Capital Markets

Banks earn more in 10 months than full year before Covid-19

cbk

The Central Bank of Kenya building in Nairobi. PHOTO | DENNIS ONSONGO | NMG

Commercial banks made more money in 10 months last year than what they earned in the full year before Covid struck the country, revealing the meteoric recovery of a sector that suspended dividends in 2020 on fears of capital erosion.

The Central Bank of Kenya (CBK) said that lenders earned a cumulative Sh161.9 billion in the 10 months to October 2021, a 64 percent jump above earnings in the corresponding period in 2020.

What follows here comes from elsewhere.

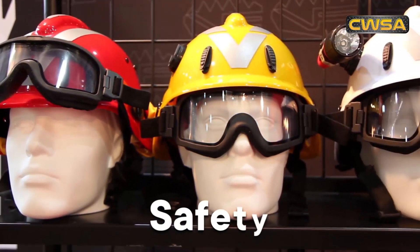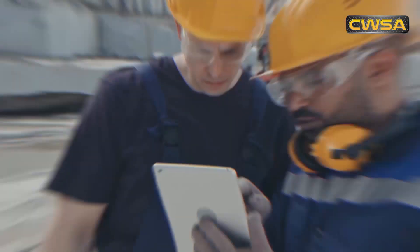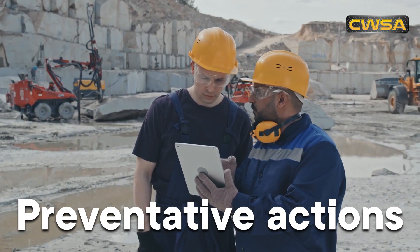In any construction or lifting operation, safety should always come first. Before you start a lifting operation, take these preventative actions to ensure the success and safety of your workers.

With two months’ worth of profits for 2021 still to be factored in, banks also managed to beat the previous full-year record for gross profit --Sh159.9 billion -- they earned in 2019.

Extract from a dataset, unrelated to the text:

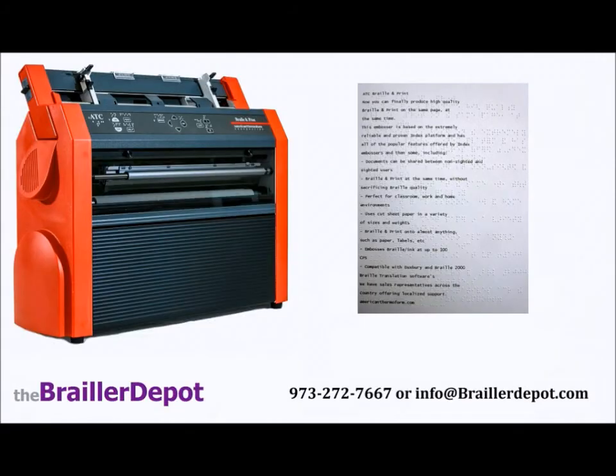Thank you for your interest in the ATC Braille & Print. To find out more information on our products or to schedule a no-obligation in-home or office demonstration, please call 973-272-7667 or email us at info at BraillerDepot.com. Thank you.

The fortunes of the lenders have been closely matched with the performance of the general economy, which recovered strongly in 2021 to grow by 7.9 percent in the nine months to September after contracting by 0.3 percent in 2020.

The recovery of trade and business activity helped banks to unlock loan repayments that had either been frozen or renegotiated during the peak of the pandemic. The sector’s ratio of gross non-performing loans (NPLs) to gross loans stood at 13.6 percent in October, coming down from a peak of 14.6 percent in March 2021.

The lenders had reacted to the Covid-period difficulties by going on a capital conservation drive mandated by the central bank, which saw them withdraw payment of dividends for the 2020/2021 financial year.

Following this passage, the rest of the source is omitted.